Northern Ireland

Brother and sister who faked mother's will to defraud siblings are jailed

 David and Elaine Lauro
 David and Elaine Lauro  David and Elaine Lauro

A brother and sister who exploited their mother’s death to fake her will and give themselves her business have been handed jail sentences totalling 18 and a half months.

Jailing 43-year-old Elaine Lauro for 11 months and ordering her brother David Lauro (50) to spend seven and a half months behind bars, Craigavon Crown Court Judge Patrick Lynch said they had “fractured” a once close family in an offence which “goes to the very fundamentals of family values”.

He also said he could not find any other case “that related to the fraudulent misuse of a will”.

David Lauro, a scout leader from Hollybrook Grove in Newtownabbey, and his sister, from Lough Moss Park in Carryduff, pleaded guilty to fraud by false representation in that in February 2016 they told their siblings their deceased mother Anne “had signed an original will dated December 27 2015”.

Mother-of-three Elaine Lauro also confessed to using a false instrument, namely a cheque for £167,000, with intent to induce a bank to accept it as genuine.

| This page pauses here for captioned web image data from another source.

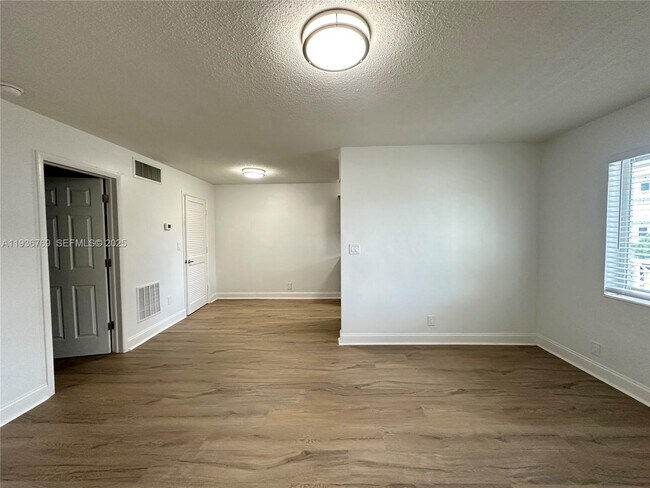 Building Photo - 110 NE 19th Ave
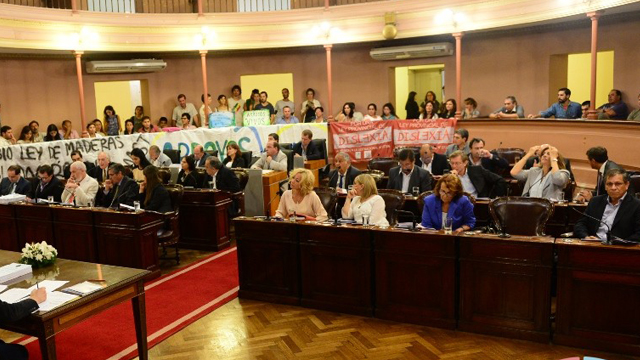Diputados sesiona por quinta vez en el año
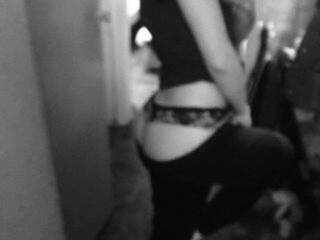 Еротски видео разговор Sofiyamimi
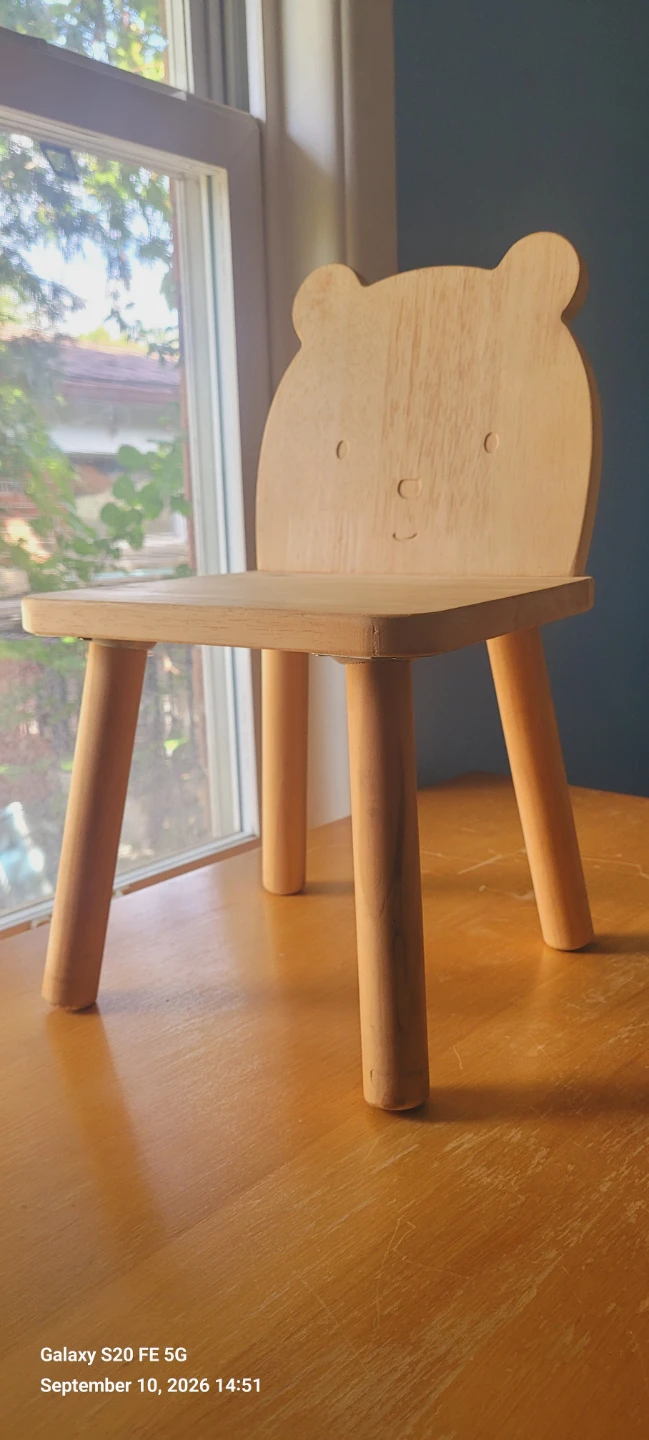 Wooden bear-shaped toddler chair
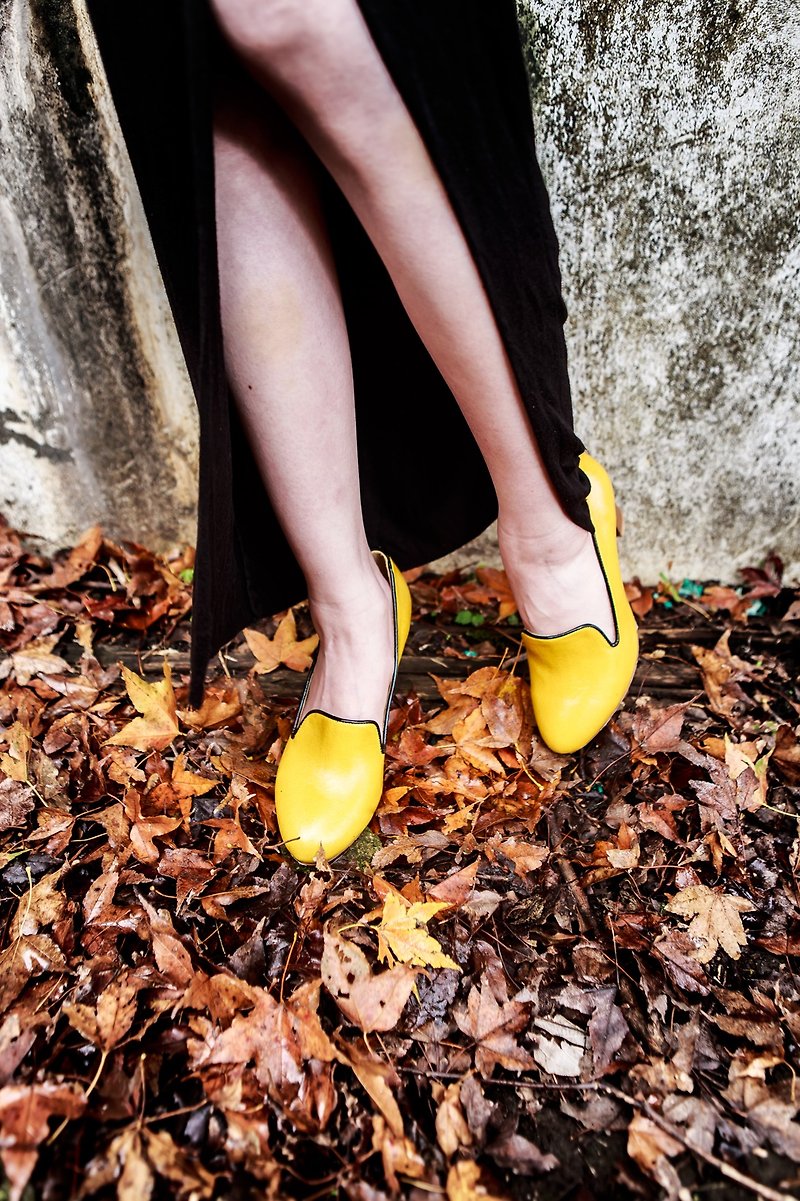 Leather loafers - รองเท้าลำลองผู้หญิง - หนังแท้ สีเหลือง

The court heard that bequeathing herself a £154,000 property in Sligo, along with half of the long-standing family business of Kavanagh’s jewellers in Belfast city centre, as the “prime mover” in the fraud she stood to benefit by £328,000 while her brother, who also would have been handed half the business and a £31,000 property in Leitrim, would have received £38,000.

Outside the court, their brother Mark Lauro, standing beside his sister Diane Aston, read a prepared statement.

He said: “As a result of David and Elaine Lauro’s fraud we as siblings have been denied the truth of ever knowing what mum’s final wishes actually were.

"Their behaviour goes against what was our mum’s right to have had her last will and testimony followed according to her wishes and her wishes alone.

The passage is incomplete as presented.